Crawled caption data
***

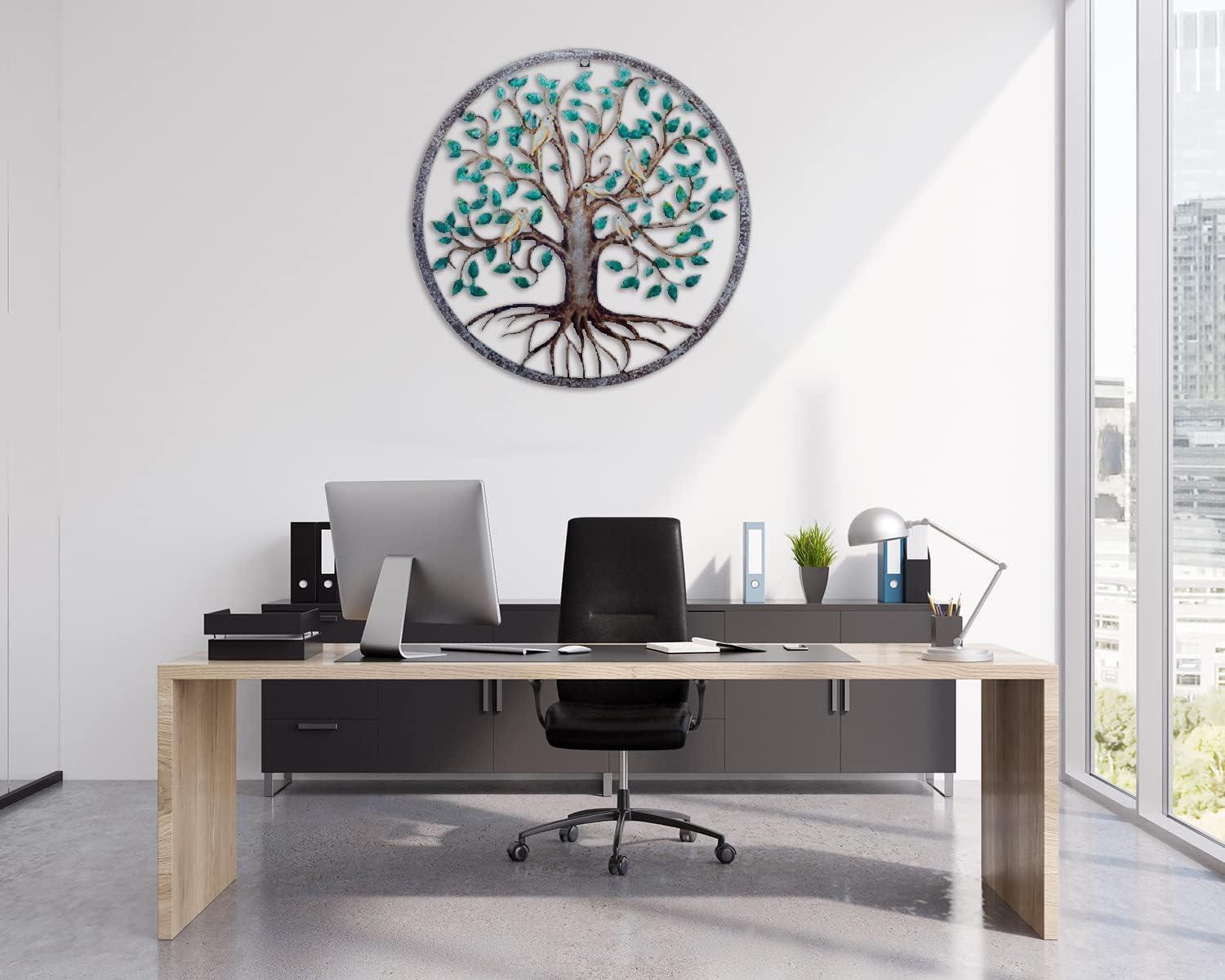 COBEKY Decor Wall Hanging For Living Room Bedroom Garden Porch Patio Office Home Decor, 18In X 18In X 0.88 In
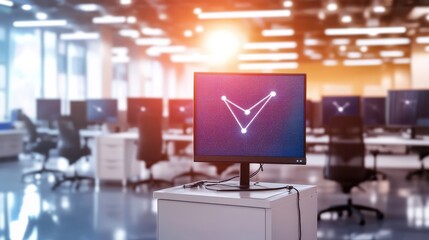 Poster - Modern Office Technology with Abstract Display Screen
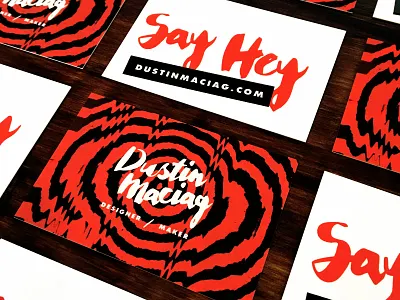 New Cards block business card cursive minimal modern red simple static texture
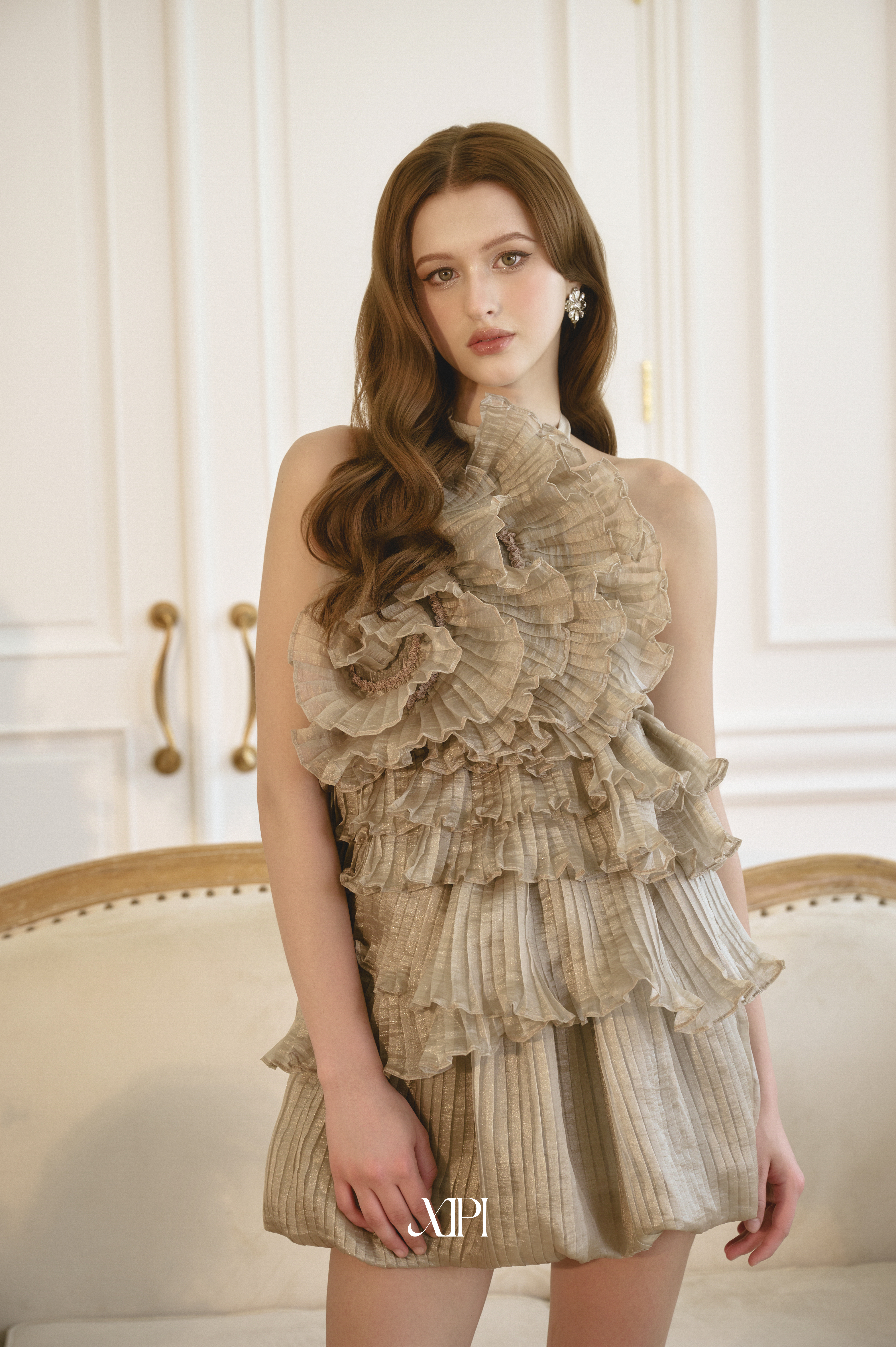 Anne Moss Dress - Đầm Yếm Dập Ly Xanh Rêu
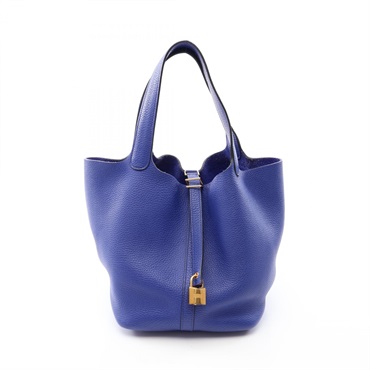 HERMES Picotin Lock MM tote Handbag A Taurillon Clemence Blue electric Used GHW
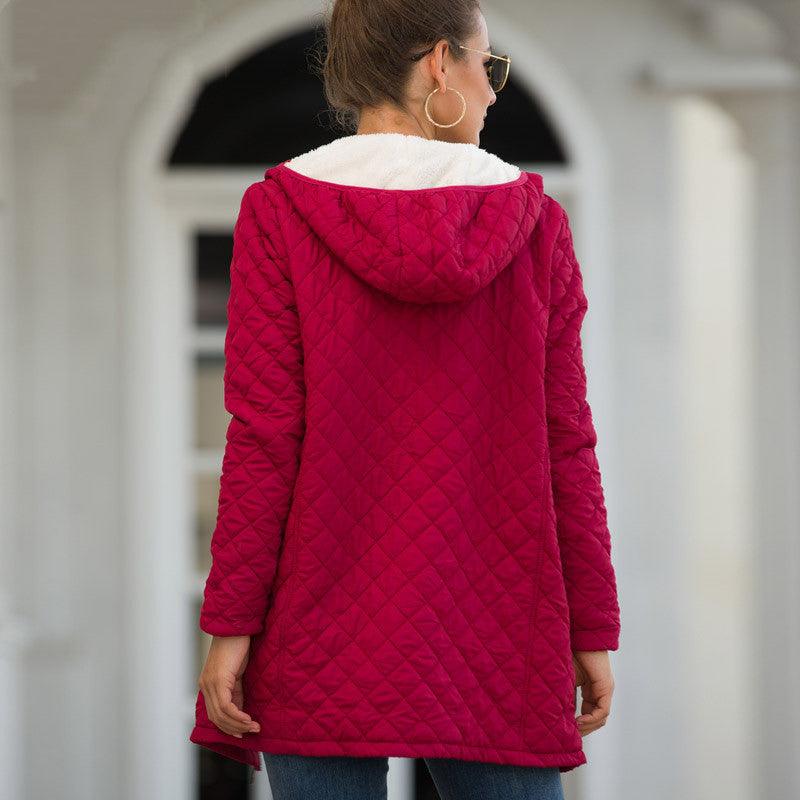 Hooded Long - sleeved Light Cotton Coat Women - AmiraMart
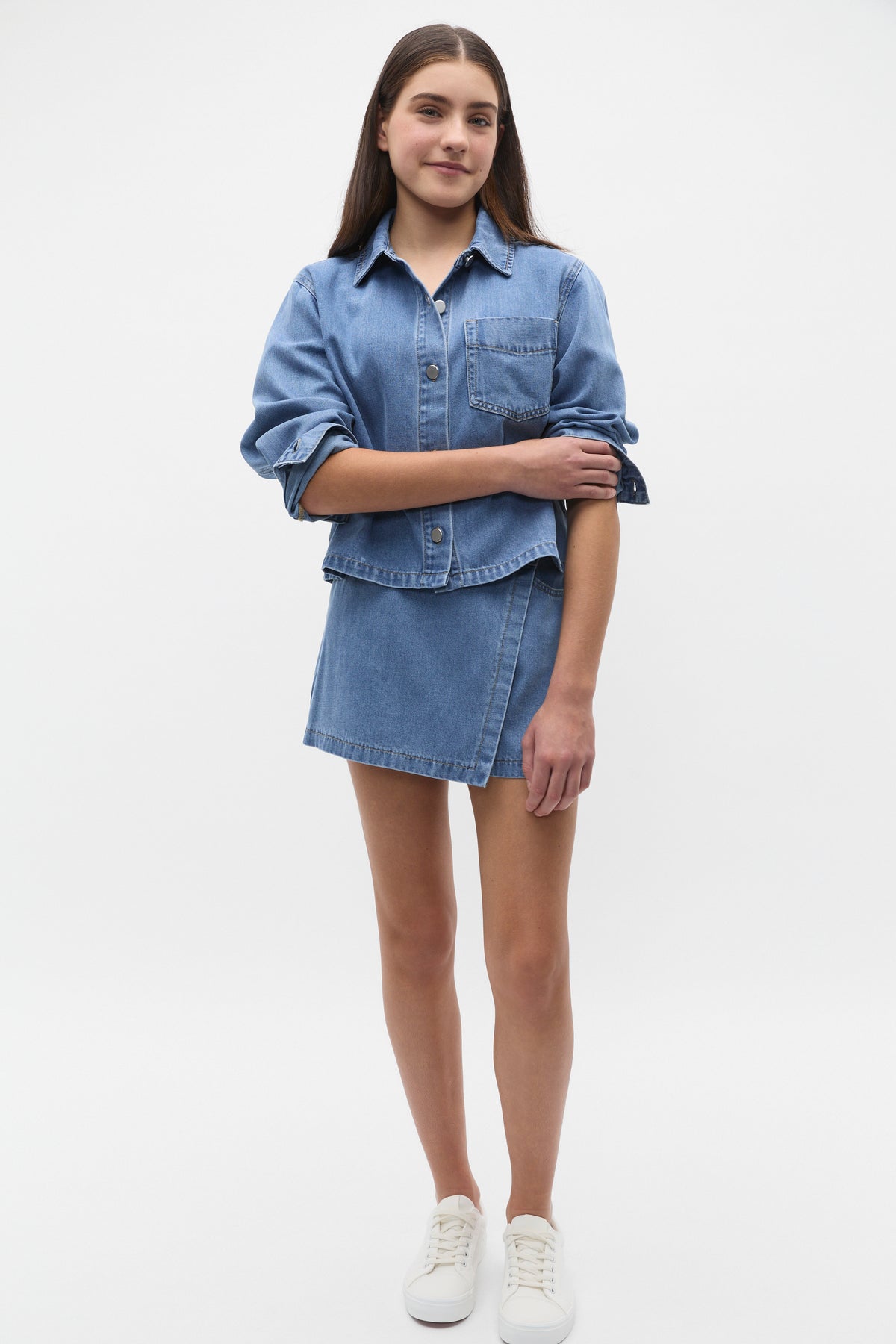 Denim Wrap Skort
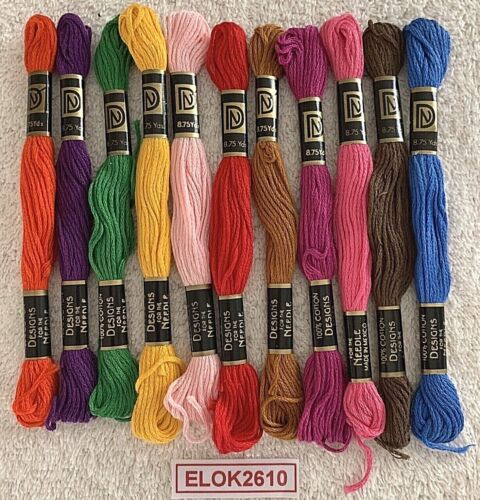 Designs for the Needle Embroidery Floss Cotton 11 Skeins Assorted Colors  - Picture 1 of 8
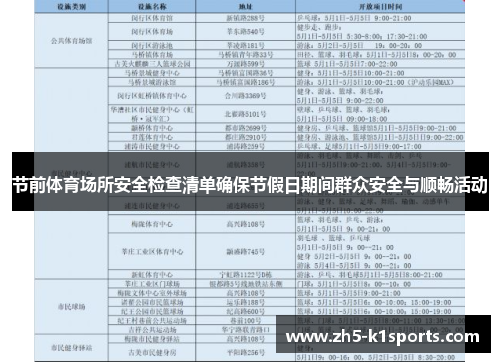 节前体育场所安全检查清单确保节假日期间群众安全与顺畅活动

***

*WHAT THE TASK REQUIRES*
Copy back exactly the lines above from the one containing "Anne Moss Dress - Đầm Yếm Dập Ly Xanh Rêu" through the one containing "Denim Wrap Skort", and leave every picture behind.

*THE COMPLETED TASK*
 Anne Moss Dress - Đầm Yếm Dập Ly Xanh Rêu
 HERMES Picotin Lock MM tote Handbag A Taurillon Clemence Blue electric Used GHW
 Hooded Long - sleeved Light Cotton Coat Women - AmiraMart
 Denim Wrap Skort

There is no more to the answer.